FLASHBACK VII

1.9K 296 155
                                    

"Benar. Kamu hanya seorang wanita jahat yang sialnya harus aku nikahi karena balas budi. Dan kalau kamu hamil juga..."

Benak Mahesa bertanya-tanya. Apa maksud Clarice yang tiba-tiba menyinggung kehamilan?

"Aku harap tidak."

Salah. Mahesa sangat menyadari ucapannya adalah kesalahan yang besar. Jelas ia akan amat sangat senang jika Clarice mengandung buah hatinya. Tetapi di situasi yang terjadi di antara mereka sekarang ini ialah bukan waktu yang tepat untuk wanita itu hamil. Mereka harus menyelesaikan semua permasalahan mereka terlebih dahulu sampai mereka berdamai satu sama lain.

"Gue juga gak mau hamil, apalagi punya anak dari lo!" ucap Clarice penuh emosi. Ucapan yang berhasil membuat Mahesa tidak dalah menahan amarah yang dibendungnya.

Bugh!

Mahesa melayangkan pukulannya ke dinding yang berada di belakang tubuh Clarice dengan keras. Menatapnya seakan ingin membunuh wanita itu. Apa yang wanita itu katakan? Tidak ingin memiliki anak darinya?

Jantung Mahesa seakan diremas kuat. Efek perkataan Clarice begitu menyakitkan. Menusuk hatinya hingga paling dalam. Ia akui dirinya lebih jahat, tapi bukan berarti wanita itu membalas ucapannya dengan kalimat seperti itu.

"Apa? Pukul gue kalau lo mau."

"Jangan pernah memancingku untuk melakukannya." Mahesa menggeram tanpa melepaskan pandangan dari Clarice yang menatapnya tanpa rasa takut.

Suara dering ponsel milik Mahesa memecahkan ketegangan di antara mereka. Ia merogoh saku celananya. Hampir saja ia menolak panggilan itu, tapi setelah melihat nama yang tertera pada ponselnya, ia mengurungkan niatnya.

Giselle tidak mungkin menghubunginya jika tidak ada hal yang penting. Tapi jika itu menyangkut dengan uang, ia akan memarahi sepupunya itu sebab telah menganggu urusannya.

Mahesa berjalan menjauh dari Clarice. Ia memilih ke dapur agar wanita itu tidak mendengar perbincangannya dengan Giselle.

"Ada apa?" tanya Mahesa tanpa basa-basi.

Suara tangisan menyambut indera pendengarannya untuk pertama kali. Giselle tidak pernah menangis. Wanita itu terlalu angkuh untuk mengeluarkan setetes air mata.
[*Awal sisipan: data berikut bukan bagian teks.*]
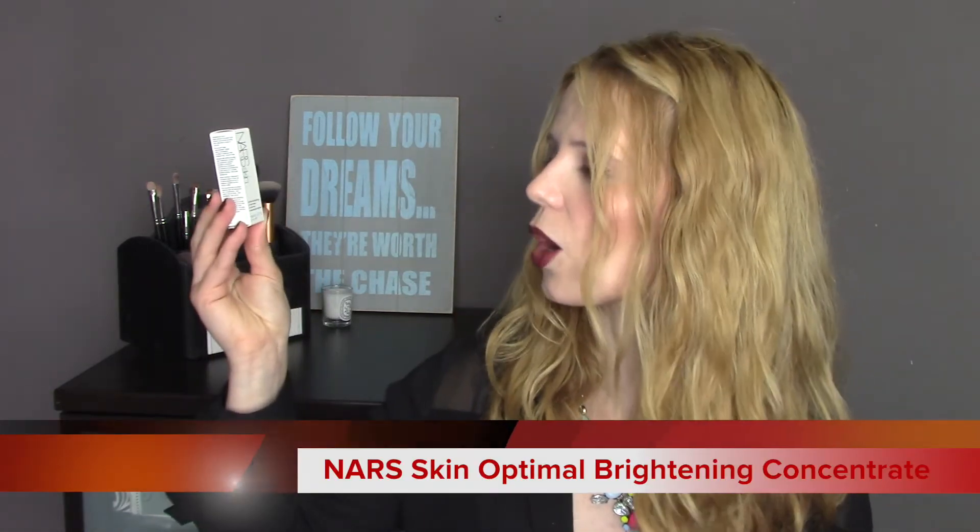She also included some NARS samples which I'm obviously dying to try. The first is the NARS Skin Optimal Brightening Concentrate. Then I'm going to try the Pure Radiant Tinted Moisturiser — I really want to give this a go because I love tinted moisturisers and don't want to wear thick foundation every day. I've got this in the shade Alaska, which will probably suit me very well. And I'll also be able to try for the first time the very famous NARS Sheer Glow Foundation — in the shade Deauville. Loads of amazing samples. Thank you so much.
"Mark, Uncle Jeff..." sepupunya itu bahkan sampai memanggilnya dengan namanya yang lain.

"Ada apa dengan pria tua itu?" tanpa sadar Mahesa telah mengkhawatirkan Jeff.
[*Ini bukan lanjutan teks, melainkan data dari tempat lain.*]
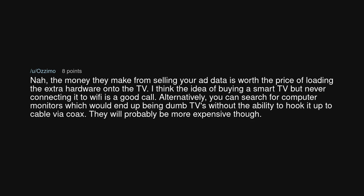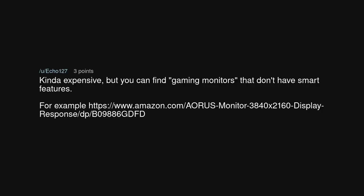Alternatively, you can search for computer monitors, which would effectively be dumb TVs — though without the ability to hook up to cable via coax. They will probably be more expensive. You can also find gaming monitors that don't have smart features, though they can be kinda expensive.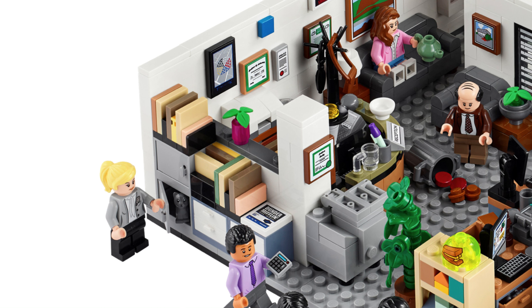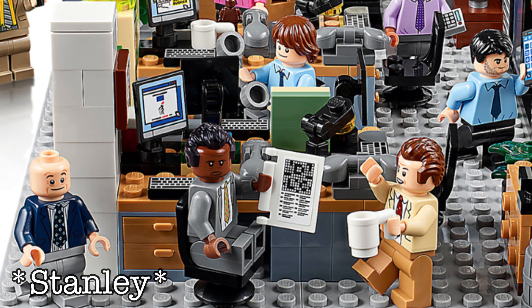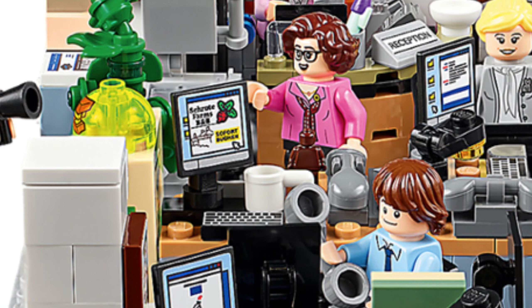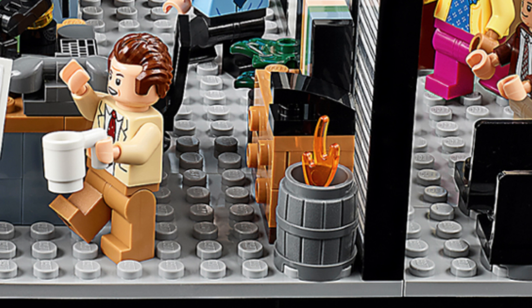Over by accounting there are shelves piled up, supposed to look a little sloppy and messy. By Daryl, Andy, and Phyllis's desk cluster it's pretty simple. I think Stanley's computer is actually represented by a 2x2 panel — possibly a nod to when Stanley doesn't notice anything. There's probably a picture of Stanley's daughter on the wall. Dwight has carrots on his computer.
"Uncle kecelakaan. Kau harus cepat pulang! Mommy terus saja menangis karena Uncle belum sadar! Daddy masih berada di Frankfurt. Aku kalut!"
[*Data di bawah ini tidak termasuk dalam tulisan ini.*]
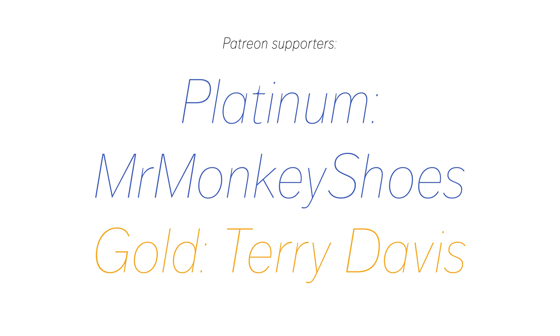And that's it for this video. Thank you guys for watching, and subscribe. And also thank you to Mr. Monkey Shoes and Terry Davis for supporting the channel on Patreon.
"Aku akan kesana sekarang."

Usai mematikan sambungan telepon dengan Giselle, Mahesa cepat-cepat menghubungi Arthur dan menyuruhnya untuk menyiapkan penerbangan pribadi. Ia kembali ke kamar dan mengambil beberapa potong pakaian yang di dalamnya terdapat dokumen-dokumen penting pekerjaannya yang disembunyikan dari Clarice lalu memasukkannya ke dalam koper.

Mahesa berdiri tegak dan menatap ke arah Clarice lama. Ia pasti merindukan istrinya untuk beberapa hari ke depan.

"Kali ini aku akan melepaskan kesalahanmu. Saat aku pulang, aku harap kamu sudah tenang."

Mahesa berharap saat ia pulang nanti Clarice melupakan ucapan-ucapan jahat yang diluapkan oleh wanita itu pada hari ini. Anggap saja kepergiannya berarti memberikan wanita itu untuk memenangkan diri.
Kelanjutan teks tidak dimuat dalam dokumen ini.